Posted: February 24, 2023 by oldbrew in climate, History, modelling, Natural Variation, research, Temperature, trees
Tags: ,

Hunger stone at Decin on the River Elbe, with dates back to 1616 or earlier [image credit: Norbert Kaiser @ Wikipedia]


We looked at some of this recently, here and here. Of course the problem nowadays is that weather news is liable to be subjected to the melodrama treatment by climate obsessives. Re. the European droughts, there’s also the evidence of the ‘hunger stones’, for example.
– – –
The Holocene – the time since the end of the last glaciation – which has witnessed all of humanity’s recorded history and the rise and fall of civilisations – began only 11,700 years ago, says Dr David Whitehouse @ Net Zero Watch.

It is a relatively warm period, but how warm was it at its warmest?

What happened in the past informs current climate models placing the current global warming into perspective.

There have been contrasting views on the warmth of the Holocene. Marcott et al (2013) says 0.8°C higher than the pre-industrial period, Lui et al (2014) says 0.5°C cooler. In general, recent CMIP6 models fail to cast much light on the so-called Holocene temperature conundrum.

In a new review of available data Kaufman and Broadman (2023) find a relatively mild thermal maximum, but say more research is needed to understand slow-moving climate variability. They looked at a large variety of natural processes operating in many settings which the researchers say do not all point in the same direction.

The temperature probably peaked about 6,500 years ago about 0.5°C higher than when compared to 1850 – 1900, the warmth chiefly occurring in middle to high latitudes of the northern hemisphere. This is a curious finding as today’s more rapid warming also occurs predominately at high northern latitudes – Arctic Amplification.

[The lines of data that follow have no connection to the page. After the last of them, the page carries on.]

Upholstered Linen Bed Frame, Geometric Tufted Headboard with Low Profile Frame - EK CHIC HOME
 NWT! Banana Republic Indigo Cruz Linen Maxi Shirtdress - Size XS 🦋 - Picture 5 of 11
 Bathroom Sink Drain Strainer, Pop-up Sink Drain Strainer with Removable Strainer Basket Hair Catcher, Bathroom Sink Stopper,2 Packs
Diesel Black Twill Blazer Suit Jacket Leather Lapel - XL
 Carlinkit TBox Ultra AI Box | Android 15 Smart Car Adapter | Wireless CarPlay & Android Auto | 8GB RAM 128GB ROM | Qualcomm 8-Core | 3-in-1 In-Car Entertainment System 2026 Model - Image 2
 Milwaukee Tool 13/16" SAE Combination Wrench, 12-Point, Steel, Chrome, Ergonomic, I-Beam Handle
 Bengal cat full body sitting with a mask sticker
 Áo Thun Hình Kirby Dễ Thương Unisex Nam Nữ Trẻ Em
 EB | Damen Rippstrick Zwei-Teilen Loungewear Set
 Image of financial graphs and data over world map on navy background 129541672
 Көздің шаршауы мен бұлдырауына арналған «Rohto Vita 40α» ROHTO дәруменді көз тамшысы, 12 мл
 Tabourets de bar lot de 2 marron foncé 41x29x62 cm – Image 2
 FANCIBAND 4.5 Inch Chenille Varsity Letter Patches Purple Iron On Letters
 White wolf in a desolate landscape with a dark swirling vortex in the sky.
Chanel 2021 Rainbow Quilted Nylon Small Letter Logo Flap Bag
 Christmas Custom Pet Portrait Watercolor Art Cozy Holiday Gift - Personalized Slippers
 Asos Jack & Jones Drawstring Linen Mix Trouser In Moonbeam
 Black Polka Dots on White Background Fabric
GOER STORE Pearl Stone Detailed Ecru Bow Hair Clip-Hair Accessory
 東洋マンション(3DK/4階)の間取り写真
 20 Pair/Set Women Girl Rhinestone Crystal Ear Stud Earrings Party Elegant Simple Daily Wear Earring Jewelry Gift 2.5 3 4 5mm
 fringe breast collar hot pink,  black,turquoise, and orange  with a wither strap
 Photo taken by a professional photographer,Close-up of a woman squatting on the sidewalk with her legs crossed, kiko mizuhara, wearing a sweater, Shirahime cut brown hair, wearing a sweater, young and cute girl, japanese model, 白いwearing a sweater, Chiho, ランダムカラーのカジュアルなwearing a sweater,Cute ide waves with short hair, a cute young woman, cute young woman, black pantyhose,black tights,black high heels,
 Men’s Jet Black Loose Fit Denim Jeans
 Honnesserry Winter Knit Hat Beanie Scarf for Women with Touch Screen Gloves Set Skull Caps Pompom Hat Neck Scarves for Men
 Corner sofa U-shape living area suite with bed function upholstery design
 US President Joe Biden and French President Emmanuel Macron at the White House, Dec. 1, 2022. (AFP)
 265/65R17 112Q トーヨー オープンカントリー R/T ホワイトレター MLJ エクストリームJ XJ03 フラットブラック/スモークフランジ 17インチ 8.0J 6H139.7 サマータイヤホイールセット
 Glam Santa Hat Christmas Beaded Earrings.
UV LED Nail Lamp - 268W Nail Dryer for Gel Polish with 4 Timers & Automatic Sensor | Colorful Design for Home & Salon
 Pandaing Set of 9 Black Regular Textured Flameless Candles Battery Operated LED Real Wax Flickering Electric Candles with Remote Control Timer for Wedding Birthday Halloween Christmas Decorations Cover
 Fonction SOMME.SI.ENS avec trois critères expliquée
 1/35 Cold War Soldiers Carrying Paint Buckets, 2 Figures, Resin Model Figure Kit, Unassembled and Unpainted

Europe’s Summer Hydroclimate

Looking less farther back Freund et al (2023) use tree ring data to examine the European summer hydroclimate back to 1600 and make some interesting findings.

The current analysis utilises widespread, long-term data sets spread over many centuries. Those familiar with the controversy of the “hockey stick” tree-ring analysis will know that tree-ring widths require statistical detrending, making it difficult to use them to reconstruct some aspects of low-frequency climate variability.

Furthermore, tree-ring width data from European lowlands can display weak and ambiguous climate signals. In contrast, tree-ring stable isotopes are thought to be a more useful proxy as they can require less statistical processing.

There has been much debate about whether the European summer drought (2015–2019) was within the range of natural variability or is due to anthropogenic warming. Looking back at historical records suggests there has not been two consecutive summer droughts in central Europe in the previous 250 years.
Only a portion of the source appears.